I am unique. I have stayed their course with my faith. It has been 36 years since I proclaimed Jesus as my Lord and Savior and was baptized. My faith has changed through the years but I am still trusting God’s grace daily and actively involved in Church. Lately, I have been kicking around the question, “Why do I still believe when many others have given up?”

1. My decision to follow Jesus was purely my decision
I did not feel any manipulation from my parents, my youth leader or my Church. In fact, I think I surprised people the day I walked forward to accept Jesus. Many people come to faith at a week of camp or CIY where there is a lot of emotion in the moment. Some people come to faith to make their parents happy. I really didn’t feel that pressure. I made my decision based on what I understood and as a result, I feel a personal obligation to God.

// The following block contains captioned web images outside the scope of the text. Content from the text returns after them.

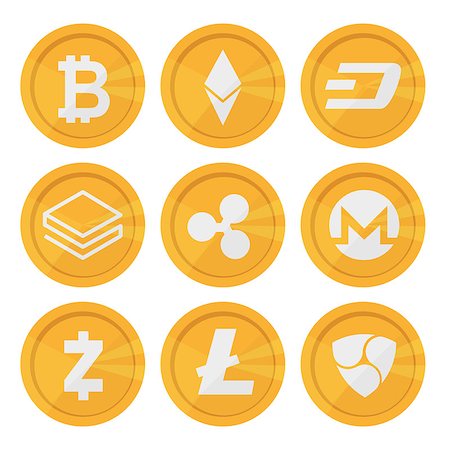 simsearch:400-07300552,k - Set of cryptocurrency icons for internet money. Blockchain based secure. Isolated vector sign. Main cryptocurrency coins Foto de stock - Royalty-Free Super Valor e Assinatura, Número: 400-09136998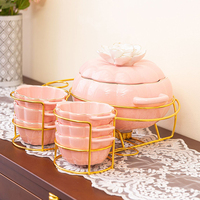 Ensemble de vaisselle en porcelaine en forme de fleur de fête à la maison nordique blanc rose gris pot à soupe en céramique et bols avec support de rangement en or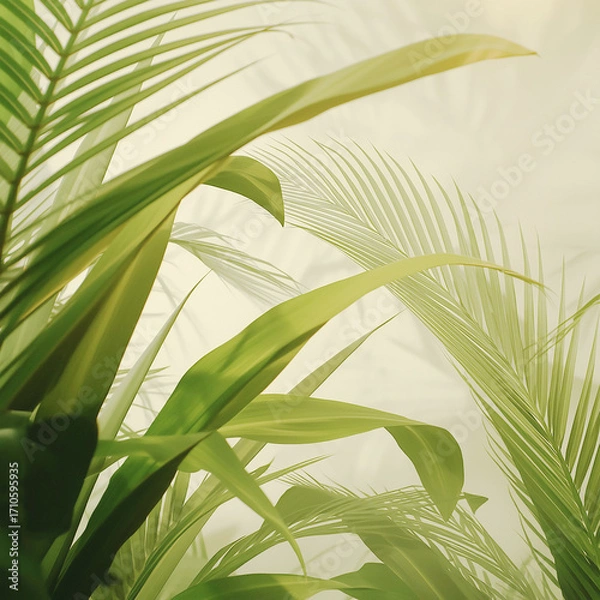 Obraz Close up of lush green tropical palm fronds and leaves with soft natural light filtering through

2. My faith is built solely on Jesus.
My dad explained the gospel to my brother while we rode around in his truck. I overheard everything and it made sense to me. My preacher offered an invitation to accept Jesus and be baptized and I went forward. I trusted Jesus as my Savior. I did not get scared at some “Thief in the Night” or “Heaven’s gate and Hell’s flame” production. I clearly understood the gospel message and built a life of faith on a strong foundation.

3. I have sought answers for my questions.
Through the years I have had numerous questions about my faith. I struggled through the death of my best friend. I was tossed around in seas of doubt. I have nearly drowned in guilt and shame. Each time I encountered a new struggle I went back to the Bible. I prayed and read God’s word. I read books and articles to help me understand. I talked to people who lived through a similar crisis of faith. Each time I came out of the mire of doubt a little stronger than before.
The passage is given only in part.